Grand Master B said:


> look, i didn't mean to offend u and u didn't have to come at me like the way u did. all i'm saying is that some people are overly sensitive to the littlest of things. i wish more people would focus on thriving in life than just surviving. stuff like this happens all the time. move on...and no u can't bend ur will onto everyone to think & act the way u want them to. that's crazy.


You didn't offend me, no worries.

I'm sorry if it seems like I'm coming at you?

I just think that you should be able to conduct business the way you want as independent contractors because even when i was in retail, and I was only an employee not the owner, I wouldn't allow anyone to treat me like that.

And the fact that you're okay with it, to me, is sad.

To me, that's just surviving. Not thriving. You don't want to "rock the boat". Even if it's just a simple, nope, that's not cool. And again, in OP's example, he was acting perfectly reasonable in my opinion and it's folks who think it's okay, those who say to be "thicker" skin, allowing this type of behavior to slide..that's making it a norm when it shouldn't be.
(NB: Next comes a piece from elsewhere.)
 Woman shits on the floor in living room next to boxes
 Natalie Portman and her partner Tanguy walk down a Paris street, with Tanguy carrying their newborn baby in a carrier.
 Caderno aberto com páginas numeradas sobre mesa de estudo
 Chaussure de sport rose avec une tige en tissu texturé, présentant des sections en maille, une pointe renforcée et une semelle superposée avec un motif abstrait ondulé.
Again, it's not doing anything extreme like I explained in my post, it's merely letting her know she can find another driver. That will make her think twice about doing something like that. I've been there. I used to go "that's so gay" until someone told me politely but firmly how that's not acceptable. It's okay to voice your opinion and have a stance, and not be labeled "thin skin" just because of that.


----------



## Grand Master B (Jun 5, 2017)

sellkatsell44 said:


> You didn't offend me, no worries.
> 
> I'm sorry if it seems like I'm coming at you?
> 
> ...


i didn't say i was ok with it, just accept for what it is. it's never going away, u can't change the world nor certain human behavior so why waste time and energy that'll produce little to no result? ur best bet is to work on yourself and become a success in life. come on, we're talking about normal, law abiding people making non threatening comments. the world is filled with murders & rapists and yet much of people's focus is on the former group? that's silly, no that's detrimental to society. we should go after things that can really hurt people...and no i'm not referring to feelings.


----------



## SadUber (Jun 8, 2017)

I'm sometimes amazed by the racism and ignorant comments that some pax say sometimes. Several weeks ago, I was giving an older man a ride in Minneapolis. We came to a street where there was a family of Africans wearing their Muslim costumes. 
The old guy said "Look at those them! Those people just need to GROW UP!"

I just shook my head.


----------



## Jbrow104 (Sep 19, 2016)

I wouldn't have kicked them out but I can't say it's an overreaction for you. If u don't want people in your car like that that's your decision. I picked up 3 air force people 2 guys 1 girl. Very drunk. The men especially 1 of them was yelling at the woman. It was supposed to be "joking" calling her a soulless witch and numerous slang terms for vagina. It was very annoying but I got them to their destination safely.


----------



## Uberingdude (May 29, 2017)

Jbrow104 said:


> I wouldn't have kicked them out but I can't say it's an overreaction for you. If u don't want people in your car like that that's your decision. I picked up 3 air force people 2 guys 1 girl. Very drunk. The men especially 1 of them was yelling at the woman. It was supposed to be "joking" calling her a soulless witch and numerous slang terms for vagina. It was very annoying but I got them to their destination safely.


What did the woman say?


----------



## Kembolicous (May 31, 2016)

Nick781 said:


> I turned on the app and put the destination filter towards Boston. I got a ping to a upscale suburb with a girl's name with a rating of 4.63. I head there and than already loud and obnoxious they enter my car. One girl goes "No abla englas" and such... I went a few hundred feet and I was like "Is that supposed to be funny...." and than "It's not funny"... than I told them to get out and they said why but ten seconds later left. The name I use sounds Spanish so people think I'm Spanish even though I'm really not. I've had a few ask but I'm sick of people like this who think this is okay... What gives you the right to mock someone or make comments on their person that you don't even know? These girls looked young anywhere from 18-22, I can't tell if younger but they were headed to Boston around 11pm so had to be older than 18. No way I was going on a 25 minute trip with them coming in my car like this. I am glad I finally put stuff like this to a stop.
> 
> This happened before when I picked up 4 people from a bar they were early 20s and one of them made a comment trying to be funny saying we met in a certain country... even though it wasn't the one but close lol. Anyway the point is this is discriminatory and it gets offensive. My family are immigrants even though I was born and raised here and yes I've gotten jokes and stuff from people I know but I don't like people I don't know saying crap. Especially with all the racial shit going on it makes me offended even more.
> 
> I put in a poll to see if people agree with how I reacted or not. I can over analyze things just want some feedback on this situation because it pissed me off.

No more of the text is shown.